Väter und Söhne

In der modernen Welt ist unsere Existenz bandagiert und umwickelt mit Versicherungsverträgen, Warnhinweisen, Notfallrufnummern wie eine ägyptische Mumie. Unwiderlegbar – das macht das Leben sicherer! Aber dadurch bekommen unsere Erdentage leider zunehmend ein Erregungspotential, das am ehesten zu vergleichen ist mit zehn Seiten Peter Handke lesen. So sieht’s von außen aus. Innen? Im Menschen, da brodelt‘s, da heulen Wölfe! Weswegen regelmäßig jener dunkle Wunsch in uns gärt, der wellenlos glatte Teichspiegel unseres bunten Alltags möge doch – bitte! – wieder mal rasiermesserscharf von der grauen Rückenflosse eines unkalkulierbaren Risikos durchschnitten werden. Eingebungen, die sich im Kopf eines 33-jährigen Vaters aus Herne mit einem an sich lobenswerten erzieherischen Ansatz verzahnten.

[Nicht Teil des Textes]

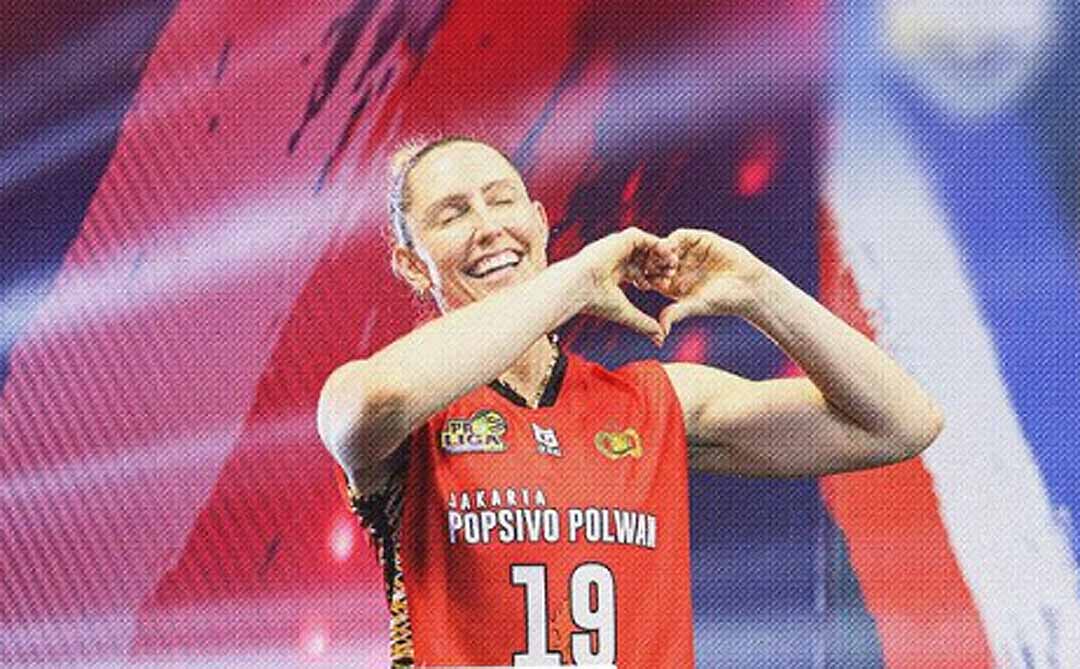 Selebrasi Irina Voronkova usai timnya menang.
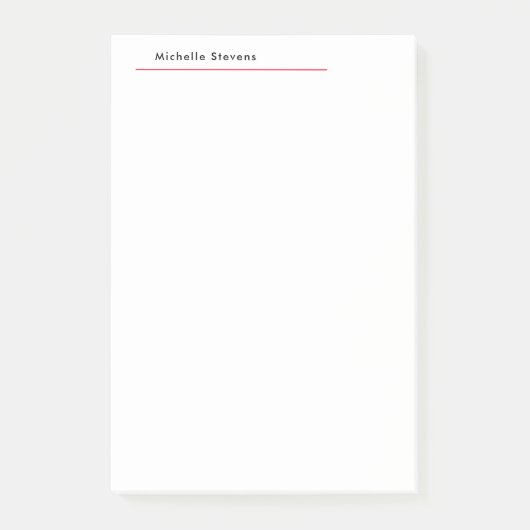 Stijlvolle Eenvoudige Plain Zwart & Wit Rood Minim Post-it® Notes (Voorkant)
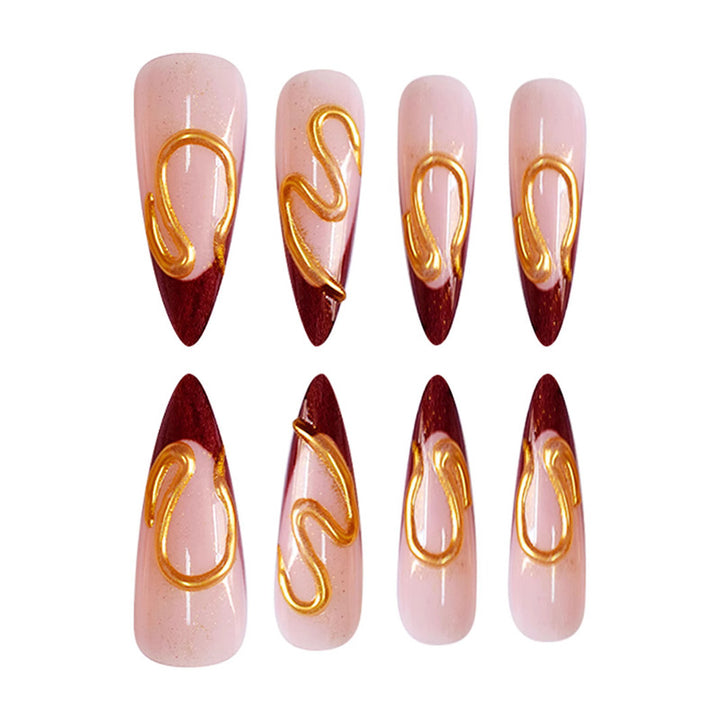 Elegant Stiletto Press-On Nail Art Bowlift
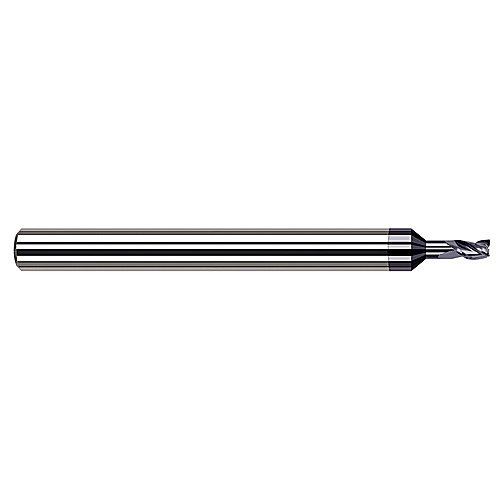 Miniature End Mills - Long Reach, Stub Flute - 0.0200″ Cutter Diameter × 0.0300″ Length of Cut × 0.0600″ Reach Carbide Square End Mill, 3 Flutes, AlTiN Coated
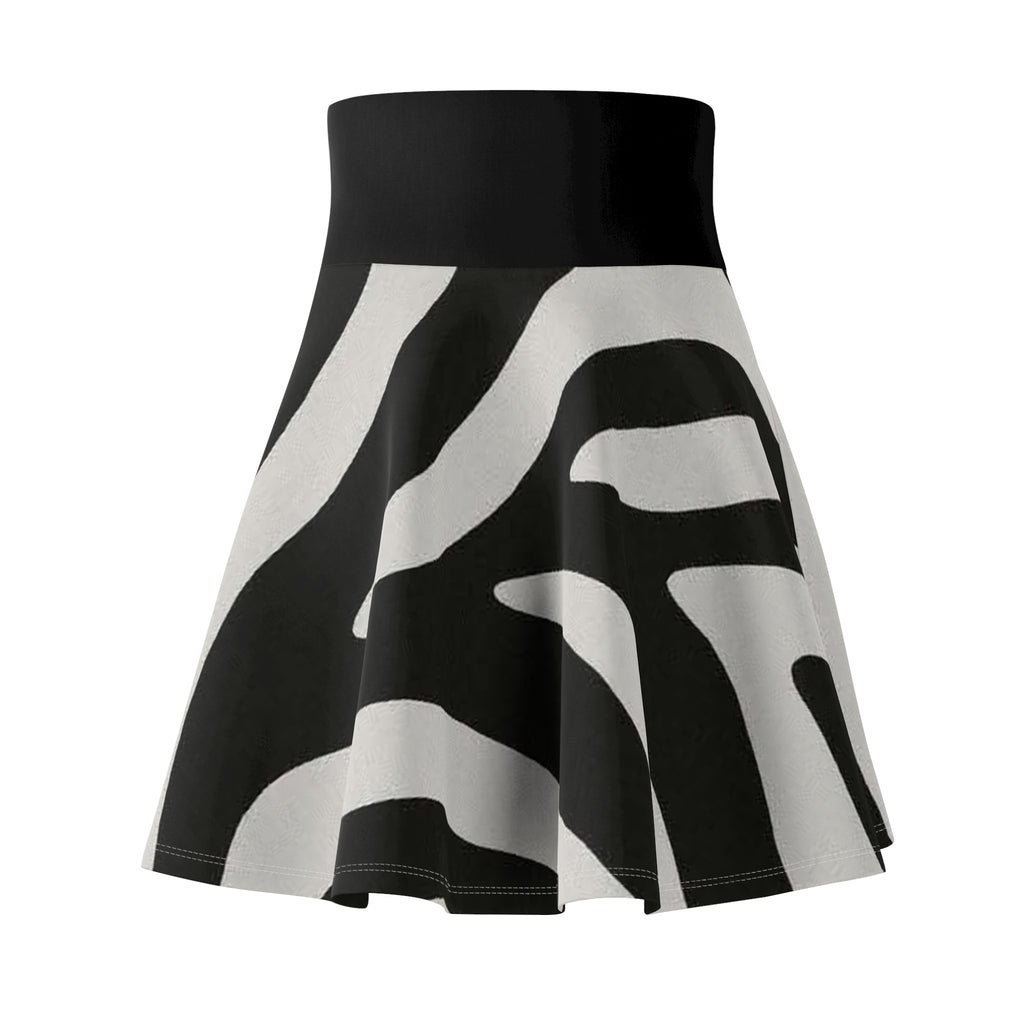 Zebra Print Women's Skater Skirt — Black & White flared Mini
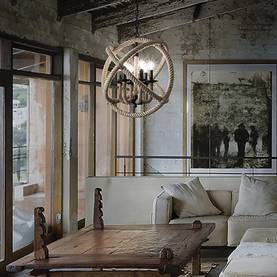 130903 Corda SP3 riippuvalaisin, hamppuköysi, musta, 3xE14, Ideal-lux, Finvalo - Riippuvat valaisimet - 181574 - 2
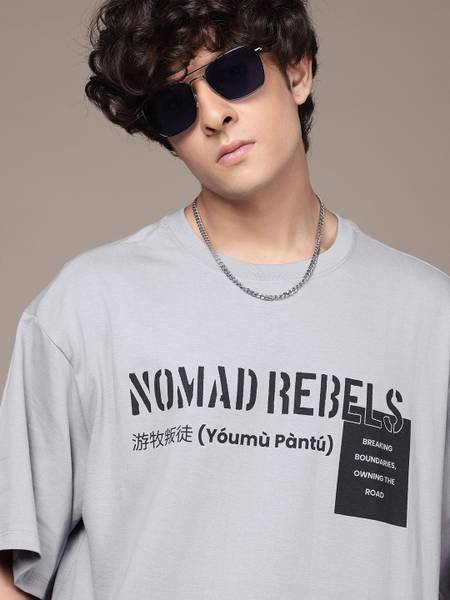 Roadster Printed Men Round Neck Grey T-Shirt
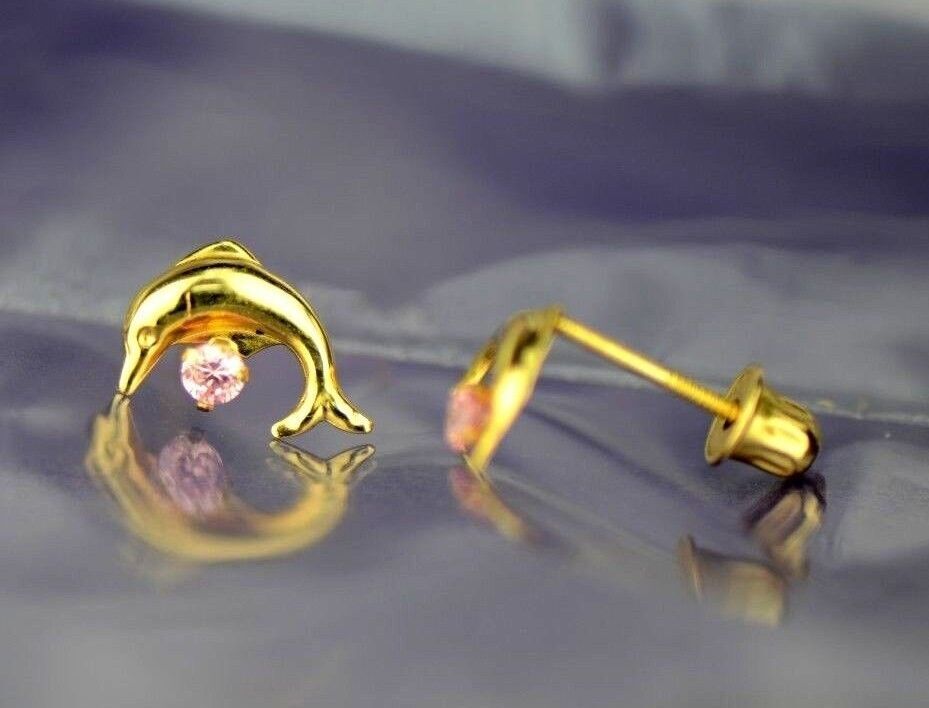 14k yellow gold dolphin earrings stud cz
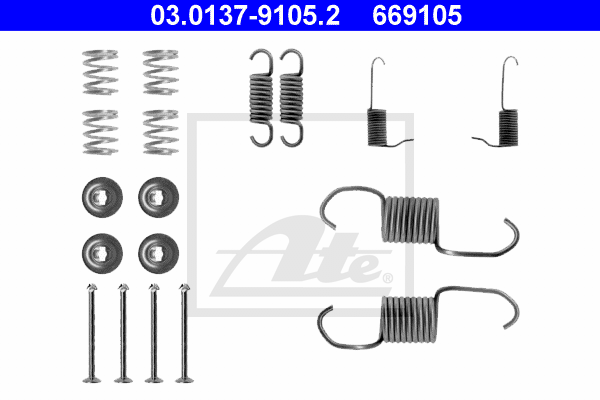 ATE 03.0137-9105.2 Kit accessori, Ganasce freno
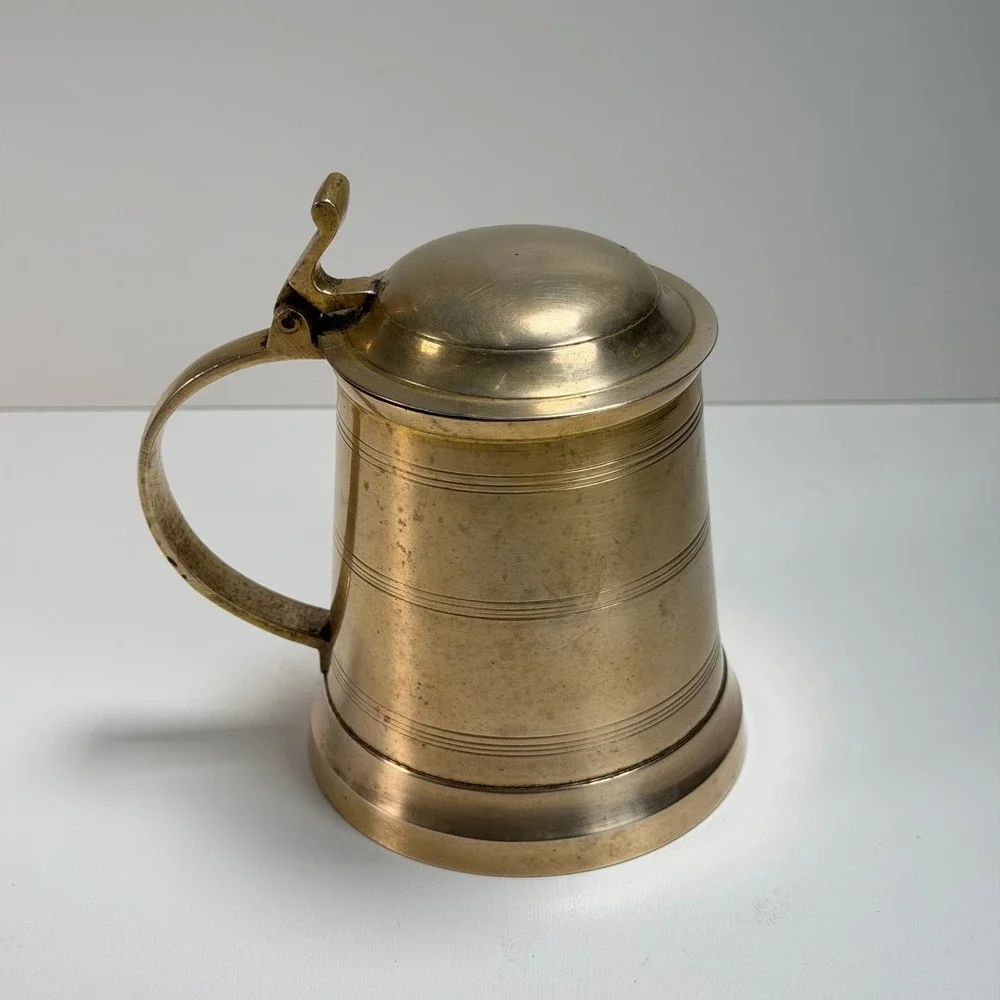 Vintage Brass Lidded Beer Ale Stein Mug Gold Traditional‎ Tankard Old World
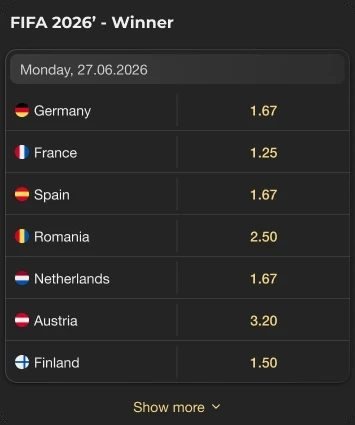Outright winner market for the 2026 tournament, listing countries and their odds.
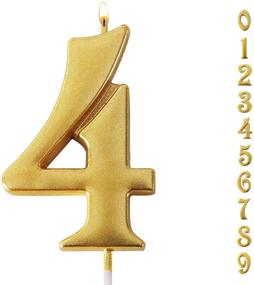 img 4 attached to 🎉 Sparkling Gold Glitter Number 4 Birthday Candles: Adds Festive Charm to Kids' and Adults' Celebrations - Perfect for Birthday Parties, Anniversaries, Graduations, and More!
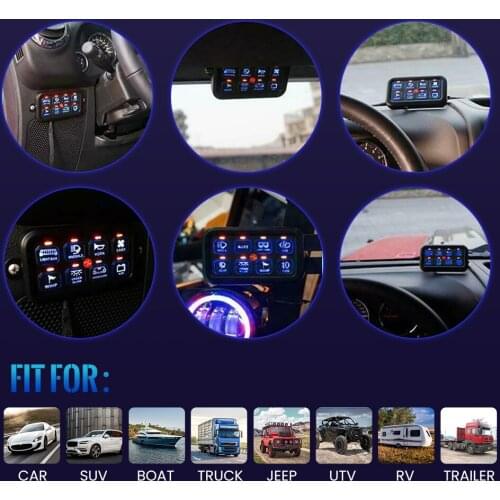 New 8 Gang On-Off Blue LED Circuit Breaker Rocker Switch Panel Set for Car Auto Boat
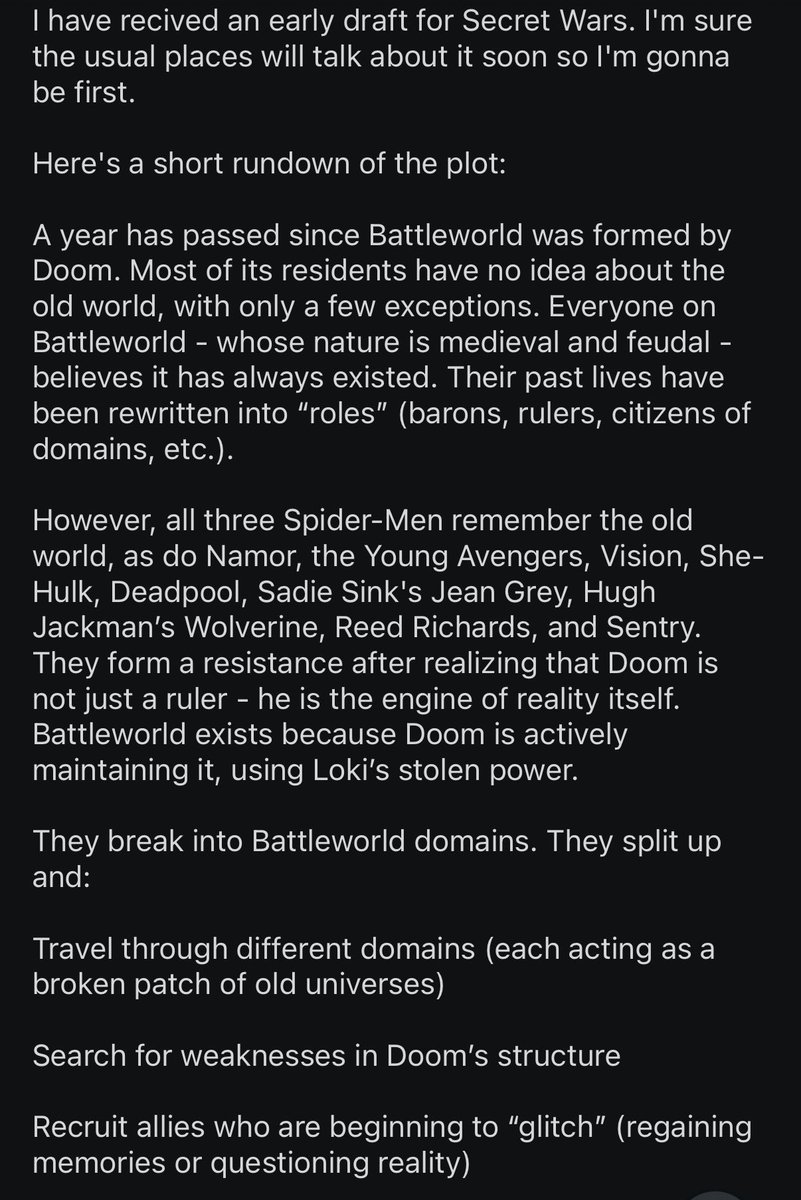 avarlet95's tweet photo. #SecretWars

Oh, I forgot to mention: Doom isn’t killed and returns to the Fantastic Four universe. And the major thing is that when Loki recreates the multiverse at the end, he makes one change - Tony is alive again and back with his family in Earth-616. https://t.co/o1BezMo8LB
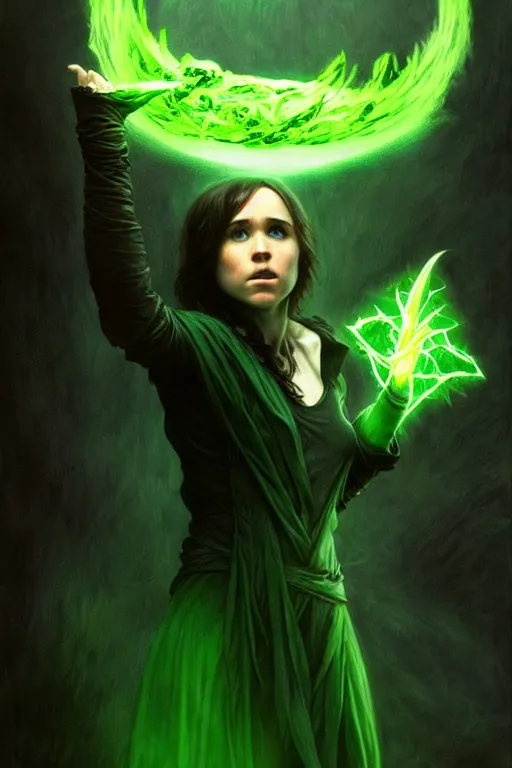 Prompt: ellen page as a dark sorceress casting a green spell, green lighting, fantasy character portrait, ultra realistic, concept art, intricate details, highly detailed by james bama, william adolphe bouguereau and frank frazetta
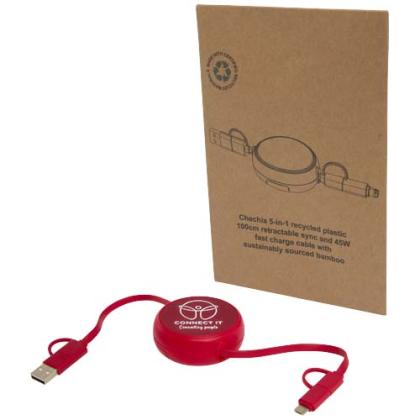 Alasia 5-in-1 100 cm recycled plastic and aluminium retractable data sync and 45W fast charge cable
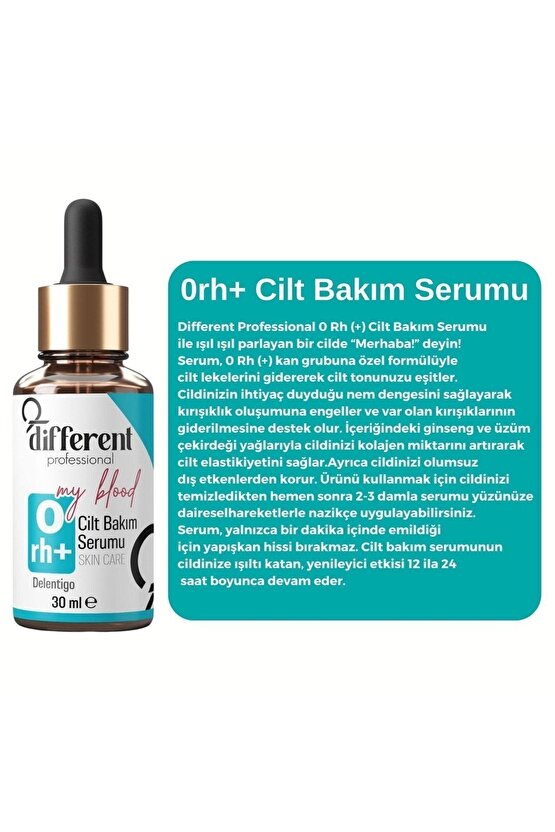 0 Rh Kan Grubuna Özel Cilt Yenileyici Nemlendirici Leke Önleyici Aydınlatıcı Bakım Serumu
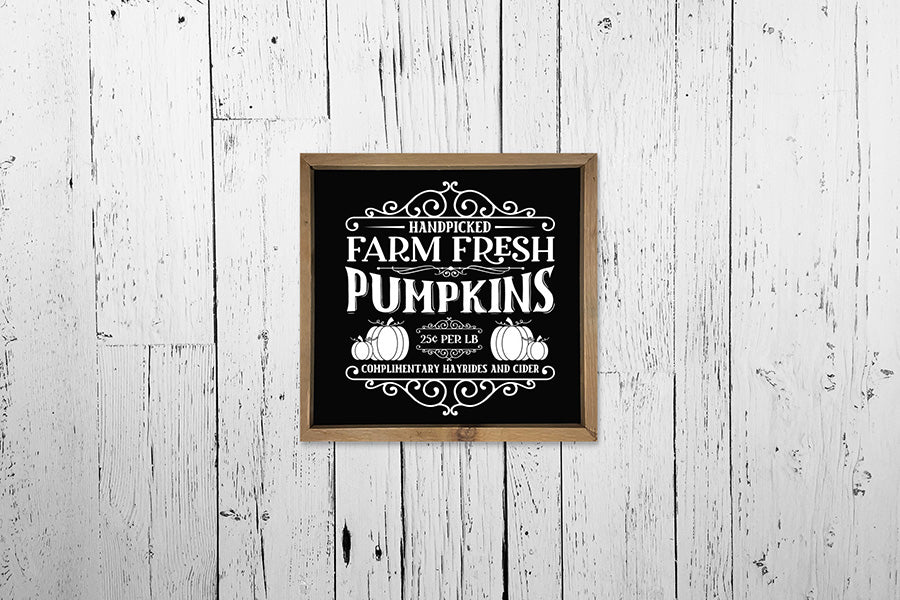 Vintage Pumpkin Sign SVG, Handpicked Farm Fresh Pumpkins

So dass er den dreijährigen Filius ans Steuer des Wagens ließ. Der Polizei-Motorradfahrer, der beide morgens um neun Uhr auf einer viel befahrenen Straße anhielt, traute seinen Augen nicht. Der Bub saß auf Vaters Schoß und bediente das Steuer, während sich Papa den Pedalen widmete. Eine Konstellation, bei der es sich als unbequem erweisen dürfte, gemeinsam an einem Gurt festgezurrt zu sein. Weswegen die beiden darauf verzichtete. Die lapidare Antwort des Erziehungsberechtigten auf die drögen und bürokratischen Vorhaltungen seitens des Beamten: Er habe seinem Sohn das Lenken beibringen wollen. Wir fragen uns seitdem: Vielleicht hat ja jene stumme, unbewusste Angst vorm Erwischt-Werden für den modernen Menschen einen raffiniert-erotischen Reiz. Anders ist die Sache schwer erklärlich.